Monday, January 21, 2013

She's back!

In her press conference, Svetlana Kuznetsova said that having an injury forced her to take some time off, and that time off was what she really needed. Today, in Melbourne, she made a strong comeback statement by advancing to the quarterfinals with a win over Caroline Wozniacki. Same Sveta as always--moving beautifully and producing stunning forehand shots, taking fans to the edge with a bit of a mid-match slump, and effortlessly entertaining throughout her press conrference.

Not surprisingly, the match went to three sets. Kuznetsova took the first one 6-2. Wozniacki picked up her level in the second, while Kuznetsova lost some of her aggression; Wozniacki took that set 6-2.

The third set was tense, and after Wozniacki went up 5-4, Kuznetsova went down 15-30. The Russian veteran held her nerve, hit one of the best forehand shots of the match to even the score at 30-all, and then held her serve.

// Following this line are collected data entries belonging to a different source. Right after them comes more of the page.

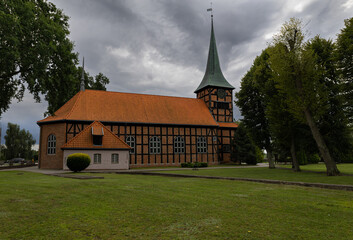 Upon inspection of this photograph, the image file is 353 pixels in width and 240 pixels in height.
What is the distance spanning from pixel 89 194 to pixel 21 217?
10.6 ft

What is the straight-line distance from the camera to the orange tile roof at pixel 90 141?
86.5 feet

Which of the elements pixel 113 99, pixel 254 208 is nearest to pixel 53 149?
pixel 113 99

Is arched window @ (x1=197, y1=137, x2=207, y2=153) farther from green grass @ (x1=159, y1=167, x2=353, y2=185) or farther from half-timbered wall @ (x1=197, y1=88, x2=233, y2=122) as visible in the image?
green grass @ (x1=159, y1=167, x2=353, y2=185)

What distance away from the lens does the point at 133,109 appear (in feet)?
112

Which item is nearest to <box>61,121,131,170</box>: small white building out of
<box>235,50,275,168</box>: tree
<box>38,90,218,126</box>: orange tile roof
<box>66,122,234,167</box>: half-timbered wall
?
<box>66,122,234,167</box>: half-timbered wall

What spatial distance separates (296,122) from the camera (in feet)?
69.8

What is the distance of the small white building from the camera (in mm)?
26500

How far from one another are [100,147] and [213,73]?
23.0 metres

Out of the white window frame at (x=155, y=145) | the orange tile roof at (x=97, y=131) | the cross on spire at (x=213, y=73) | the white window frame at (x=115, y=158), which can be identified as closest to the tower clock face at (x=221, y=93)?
the cross on spire at (x=213, y=73)

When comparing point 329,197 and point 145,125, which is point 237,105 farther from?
point 329,197

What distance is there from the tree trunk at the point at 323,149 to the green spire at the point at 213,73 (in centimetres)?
2202

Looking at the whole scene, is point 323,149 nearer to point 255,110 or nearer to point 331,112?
point 331,112

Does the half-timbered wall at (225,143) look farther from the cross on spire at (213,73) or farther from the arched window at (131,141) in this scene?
the arched window at (131,141)

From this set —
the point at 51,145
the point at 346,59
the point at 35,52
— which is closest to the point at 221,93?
the point at 346,59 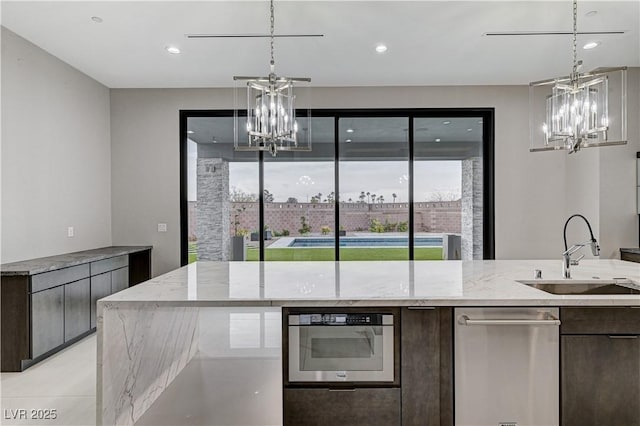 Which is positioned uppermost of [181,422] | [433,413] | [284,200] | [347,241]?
[284,200]

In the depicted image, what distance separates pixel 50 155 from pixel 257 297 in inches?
137

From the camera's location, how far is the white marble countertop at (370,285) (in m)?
1.76

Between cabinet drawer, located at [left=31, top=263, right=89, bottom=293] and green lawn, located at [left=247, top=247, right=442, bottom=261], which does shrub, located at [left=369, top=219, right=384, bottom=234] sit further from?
cabinet drawer, located at [left=31, top=263, right=89, bottom=293]

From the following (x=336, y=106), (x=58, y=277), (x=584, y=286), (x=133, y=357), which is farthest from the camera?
(x=336, y=106)

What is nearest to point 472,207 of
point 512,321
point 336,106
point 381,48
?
point 336,106

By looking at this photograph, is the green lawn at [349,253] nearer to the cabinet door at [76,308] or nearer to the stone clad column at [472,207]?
the stone clad column at [472,207]

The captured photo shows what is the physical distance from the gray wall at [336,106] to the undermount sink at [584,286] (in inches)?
117

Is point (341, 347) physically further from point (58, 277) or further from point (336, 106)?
point (336, 106)

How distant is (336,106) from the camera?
17.0 feet

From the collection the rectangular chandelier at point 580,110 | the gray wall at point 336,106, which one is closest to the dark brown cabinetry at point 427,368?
the rectangular chandelier at point 580,110

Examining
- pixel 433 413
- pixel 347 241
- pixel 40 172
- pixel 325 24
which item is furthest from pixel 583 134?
pixel 40 172

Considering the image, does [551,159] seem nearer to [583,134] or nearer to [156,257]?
[583,134]

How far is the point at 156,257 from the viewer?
5.16m

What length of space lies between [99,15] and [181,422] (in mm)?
3228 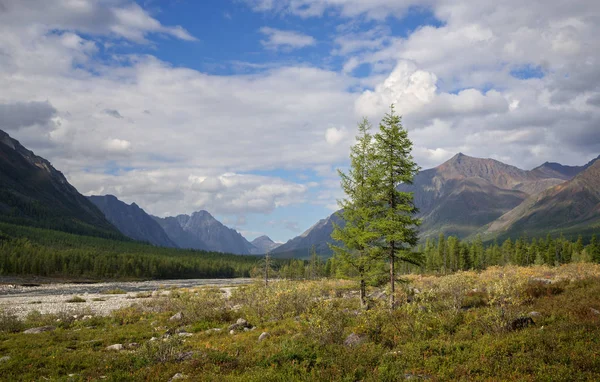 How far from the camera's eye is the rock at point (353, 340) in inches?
631

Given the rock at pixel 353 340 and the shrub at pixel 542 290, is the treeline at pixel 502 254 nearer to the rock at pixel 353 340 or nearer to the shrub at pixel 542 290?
the shrub at pixel 542 290

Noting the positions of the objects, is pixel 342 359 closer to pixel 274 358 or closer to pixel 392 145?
pixel 274 358

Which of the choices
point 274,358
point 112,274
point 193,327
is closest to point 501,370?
point 274,358

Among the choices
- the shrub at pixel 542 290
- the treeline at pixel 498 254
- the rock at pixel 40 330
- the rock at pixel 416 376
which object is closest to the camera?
the rock at pixel 416 376

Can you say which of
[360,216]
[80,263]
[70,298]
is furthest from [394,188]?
[80,263]

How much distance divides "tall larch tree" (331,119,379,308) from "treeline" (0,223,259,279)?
109410mm

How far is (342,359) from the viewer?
13.4 meters

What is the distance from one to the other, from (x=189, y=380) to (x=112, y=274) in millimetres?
125445

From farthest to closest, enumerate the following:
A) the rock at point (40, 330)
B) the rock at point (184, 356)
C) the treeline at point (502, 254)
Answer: the treeline at point (502, 254) → the rock at point (40, 330) → the rock at point (184, 356)

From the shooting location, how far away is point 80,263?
383 ft

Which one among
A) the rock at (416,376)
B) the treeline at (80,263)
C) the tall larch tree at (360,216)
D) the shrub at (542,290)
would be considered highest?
the tall larch tree at (360,216)

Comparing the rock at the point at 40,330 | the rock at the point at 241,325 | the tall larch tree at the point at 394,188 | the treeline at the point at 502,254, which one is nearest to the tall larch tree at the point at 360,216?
the tall larch tree at the point at 394,188

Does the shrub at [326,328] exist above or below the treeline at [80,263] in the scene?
above

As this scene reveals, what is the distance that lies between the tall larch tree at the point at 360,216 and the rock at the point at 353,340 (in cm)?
818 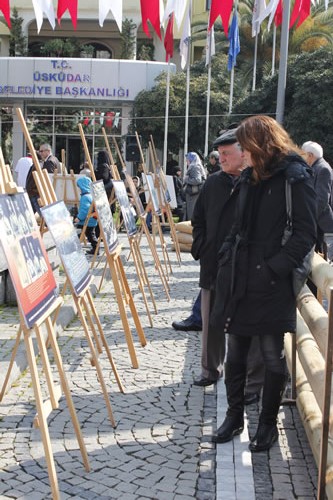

Kuznetsova broke Wozniacki in the 11th game, and held serve to win the match. She hit 52 winners, and played almost perfectly (and very frequently) at the net. This is the Svetlana Kuznetsova who won the U.S. Open and the French Open with her big all-court game, nimble movement and impressive forehand. Because she has struggled so much with consistency and focus, her name is rarely mentioned these days. It's been a while since the Russian reached a major quarterfinal, and it's nice to have her back.

Credit should go to Wozniacki, who also produced some very good tennis, but once again, just wasn't aggressive enough. It was a high quality, very entertaining match.

Some things never change. Wozniacki argued for a long time with the umpire--as she frequently does--and, as always, the television commentators insisted this was "uncharacteristic" behavior and Wozniacki "never" does this. Personally, I don't care if she argues with the umpire (she has a way to go, though, before she reaches the Rennae Stubbs end of the Arguing with the Umpire Scale); I just get tired of hearing the commentators always say that she never does it.


Anonymous said...

The announcers do this with Serena, but about her "uncharacteristic unforced errors." True, yesterday she committed only six, but many a time she commits thirty-five or forty. Her serve is unassailable, but her groundies can be a mess and her forehand breaks down, though not lately.

Diane said...

They do it with Maria, too, though not as much as they used to.